Not necessarily. Axios remains a well-maintained library with a strong track record. But this attack should prompt you to evaluate whether you need a third-party HTTP client at all. Node.js 18+ includes native fetch. For API testing, platforms like Apidog provide built-in HTTP clients that eliminate this dependency.
How can I prevent supply chain attacks in my projects?
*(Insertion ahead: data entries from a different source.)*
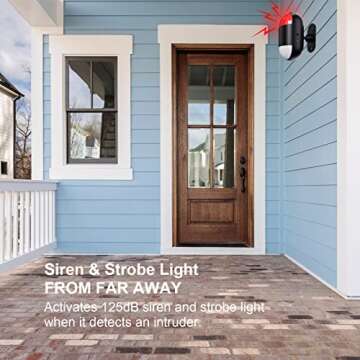 Motion Sensor Alarm Indoor: Wireless Motion Detector Alarm with Siren & Strobe (125dB, 328ft Remote ...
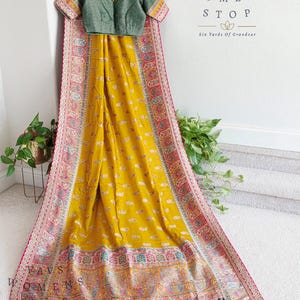 Size 36 Extends To 42. Kashmiri Emporium Inspired Design Benarasi Silk Saree with Stitched Blouse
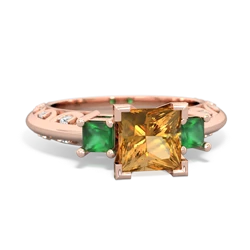 Citrine Eternal Embrace Engagement 14K Rose Gold ring C2001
Pin exact dependency versions, commit lockfiles, run npm ci --ignore-scripts in CI/CD, audit dependencies regularly, verify package provenance with npm audit signatures, and minimize your dependency tree. Consider moving API testing workflows into integrated platforms that don’t rely on npm packages for HTTP communication.
Was this attack related to the Claude Code source leak?
Both events happened on the same day (March 31, 2026), but they’re unrelated. The Axios attack was a deliberate supply chain compromise by a state-sponsored threat actor. The Claude Code leak resulted from a Bun build tool bug that shipped source maps in production. The coincidental timing has fueled discussion about npm registry security overall.
Who was behind the Axios attack?
Google Threat Intelligence Group attributed the attack to UNC1069, a suspected North Korean threat actor. The macOS malware shares significant overlap with WAVESHAPER, a backdoor tracked by Mandiant. North Korean groups have extensive experience with supply chain attacks, typically targeting developer credentials and cryptocurrency infrastructure.
How many developers were affected?
The malicious versions were live for approximately two to three hours. With 83 million weekly downloads, the potential exposure is significant. npm hasn’t published official impact numbers. StepSecurity’s runtime detection confirmed the dropper contacted C2 within 1.1 seconds of npm install starting, before dependency resolution completed.
Can Apidog help prevent supply chain attacks?
Apidog eliminates one major attack vector by providing a built-in HTTP client for API testing, debugging, and documentation. You don’t need to install Axios, node-fetch, or other HTTP libraries in your testing workflow. This reduces your npm dependency surface and removes the risk of compromised HTTP client packages affecting your API development process.
Key takeaways
- The Axios supply chain attack compromised 83M+ weekly downloads through a single stolen maintainer account
- The RAT targets all platforms (macOS, Windows, Linux) and steals credentials, SSH keys, and cloud tokens
- Check your systems immediately using the detection steps above
- Pin exact dependency versions and disable postinstall scripts in CI/CD
- Reduce your HTTP client dependency surface by using built-in tools like Apidog for API testing
- Package registry security is a systemic problem affecting npm, PyPI, and RubyGems
The Axios attack is a wake-up call. Every dependency in your node_modules is a trust decision. Make sure you’re making those decisions deliberately, not by default.